— Material for this exercise —
§ §

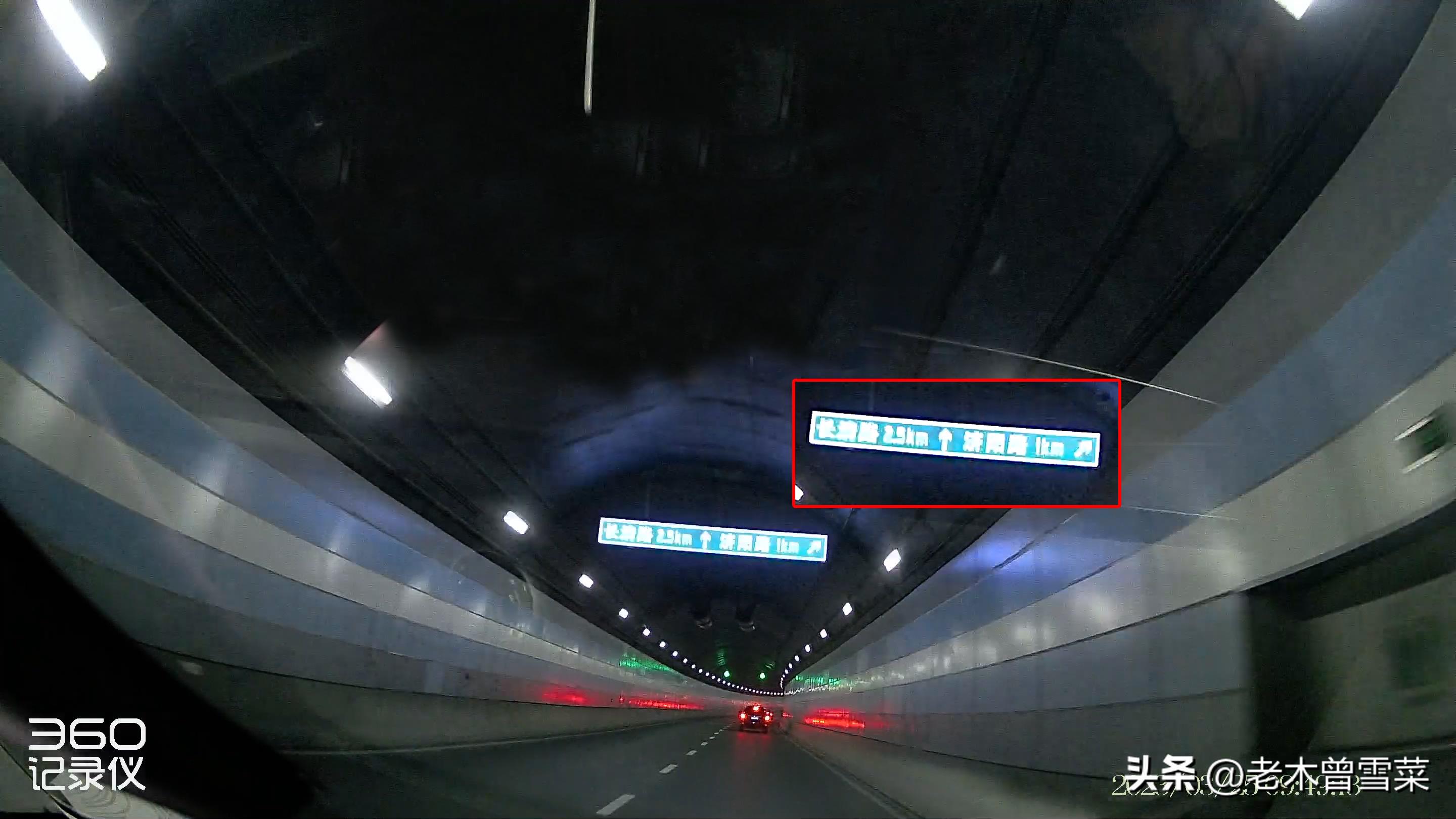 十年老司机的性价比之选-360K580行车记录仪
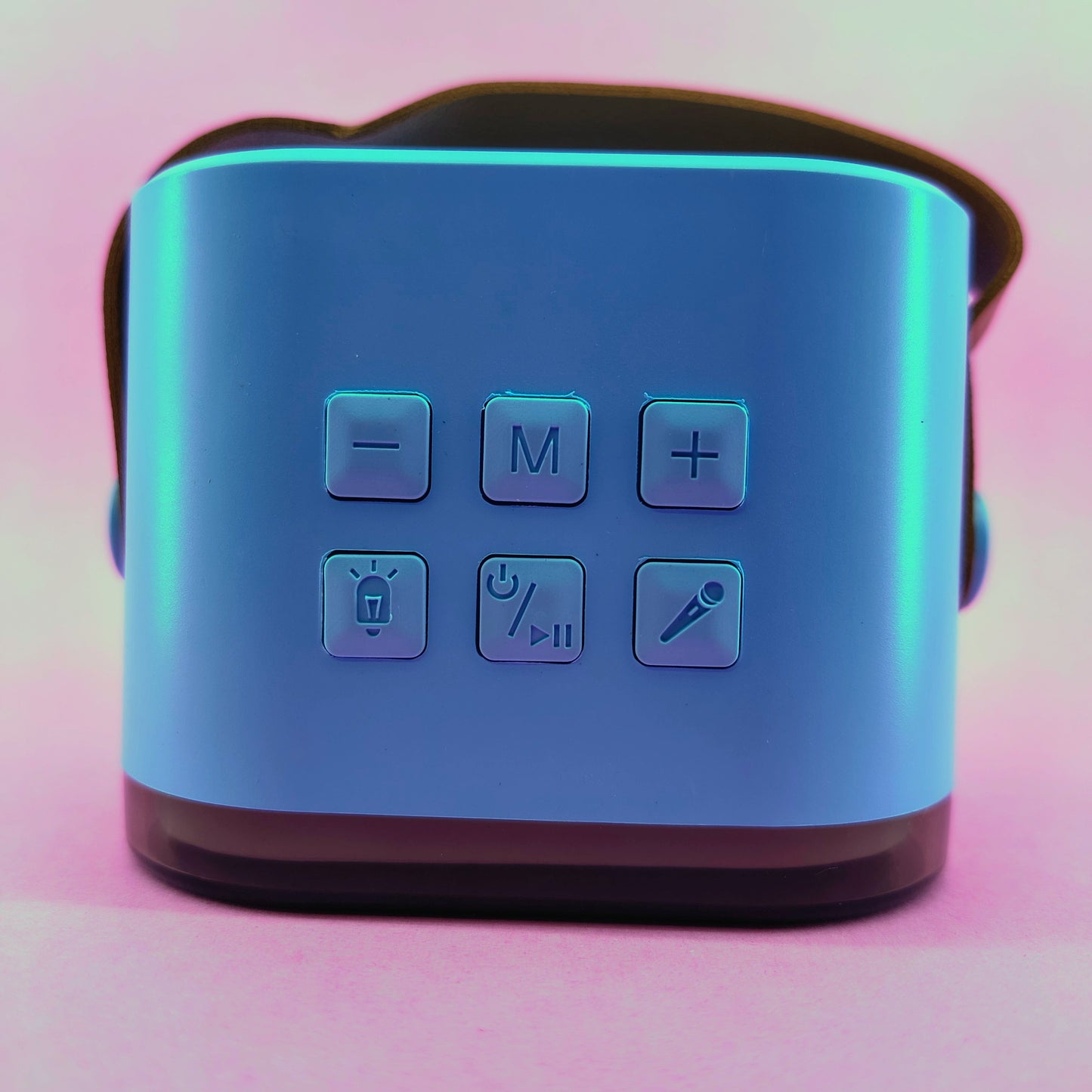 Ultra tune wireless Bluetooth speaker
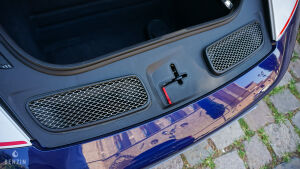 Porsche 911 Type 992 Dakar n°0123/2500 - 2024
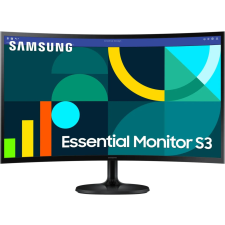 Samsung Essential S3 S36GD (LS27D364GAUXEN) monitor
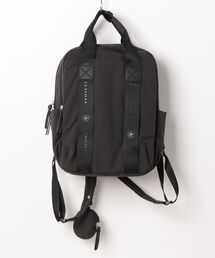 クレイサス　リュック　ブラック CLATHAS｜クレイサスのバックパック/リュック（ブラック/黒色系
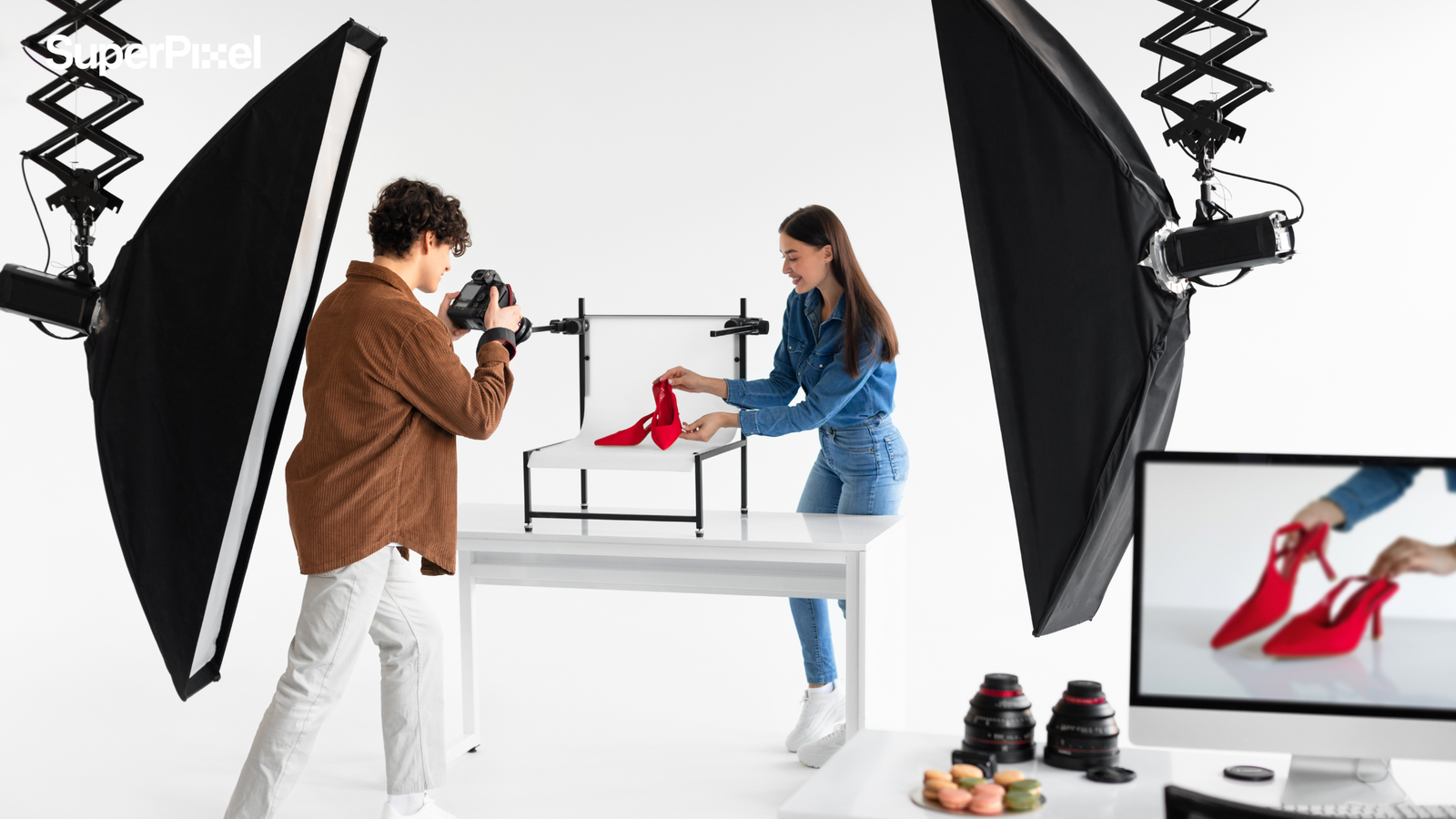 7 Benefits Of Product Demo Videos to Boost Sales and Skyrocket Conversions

§ §

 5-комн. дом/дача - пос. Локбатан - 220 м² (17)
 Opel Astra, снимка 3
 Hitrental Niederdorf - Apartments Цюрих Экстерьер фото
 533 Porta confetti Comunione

§ §

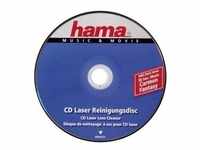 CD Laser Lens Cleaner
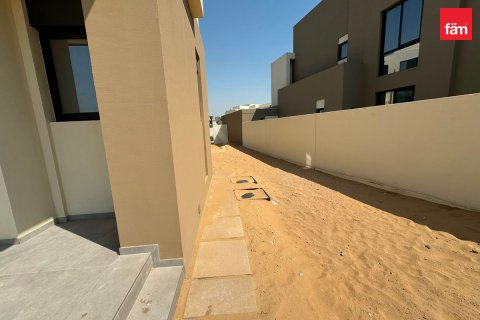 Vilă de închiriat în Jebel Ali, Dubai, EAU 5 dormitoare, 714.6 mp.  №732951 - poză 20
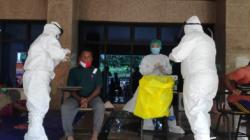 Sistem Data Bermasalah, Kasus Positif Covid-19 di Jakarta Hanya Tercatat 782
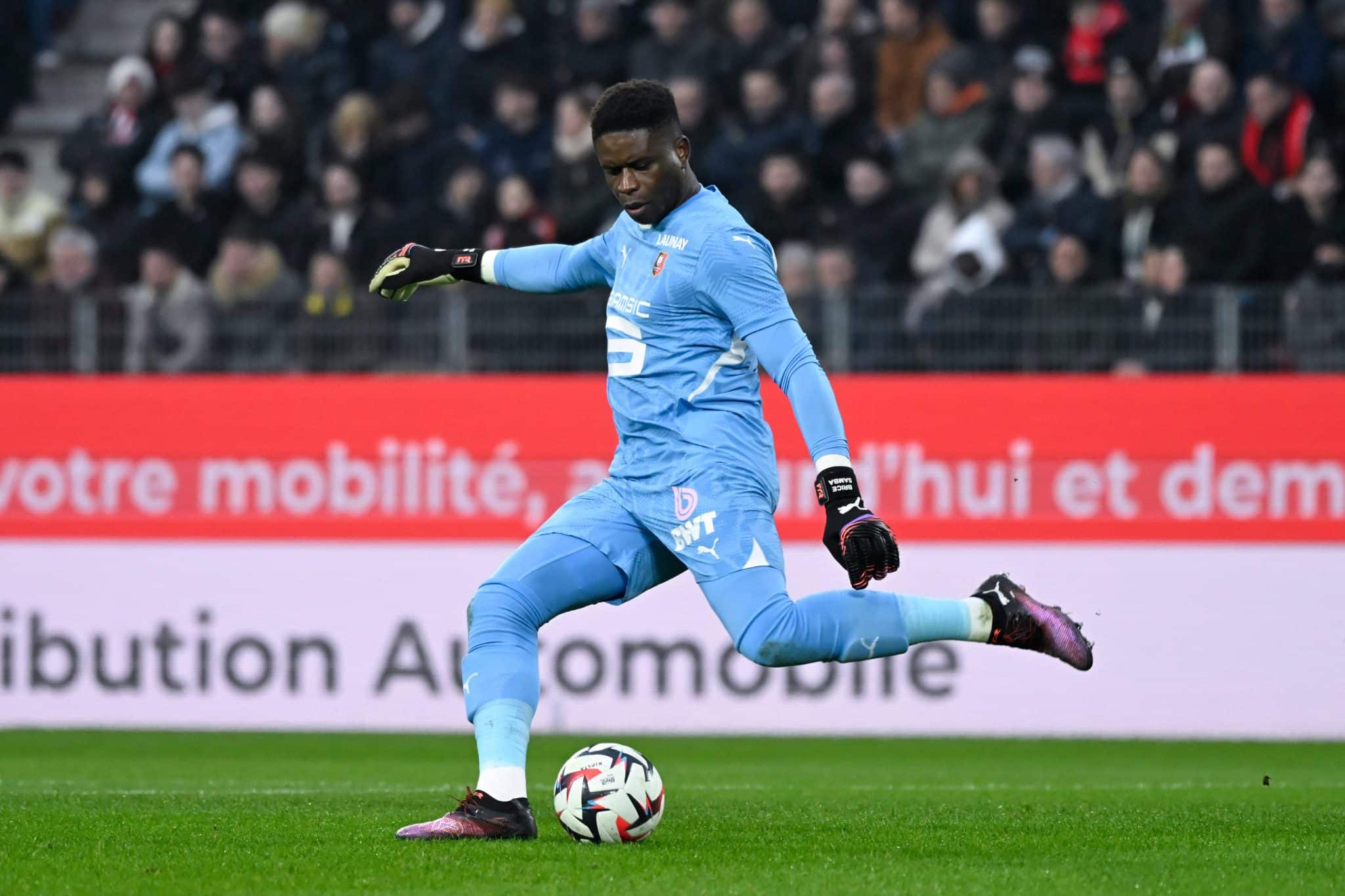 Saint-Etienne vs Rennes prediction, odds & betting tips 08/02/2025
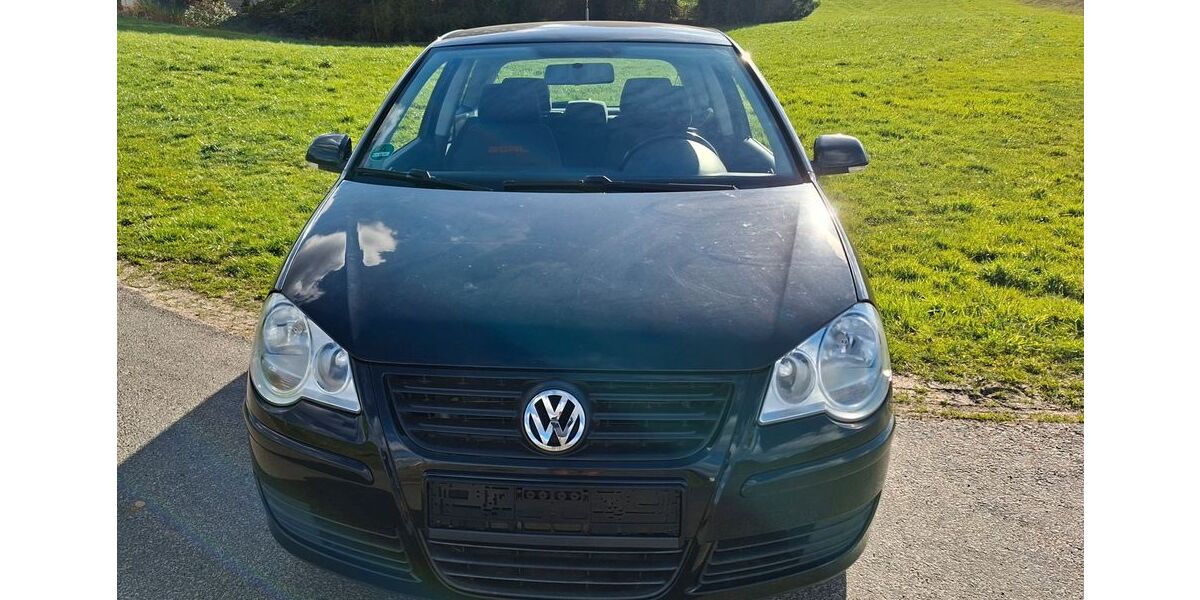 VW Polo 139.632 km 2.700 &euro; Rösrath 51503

§ §

— What you have to do —
What belongs in the answer is each line above from the line with "十年老司机的性价比之选-360K580行车记录仪" to the line with "7 Benefits Of", inclusive, reproduced exactly and free of pictures.

— Answer to this task —
 十年老司机的性价比之选-360K580行车记录仪
 Ultra tune wireless Bluetooth speaker
 Porsche 911 Type 992 Dakar n°0123/2500 - 2024
 Samsung Essential S3 S36GD (LS27D364GAUXEN) monitor
 クレイサス　リュック　ブラック CLATHAS｜クレイサスのバックパック/リュック（ブラック/黒色系
 7 Benefits Of Product Demo Videos to Boost Sales and Skyrocket Conversions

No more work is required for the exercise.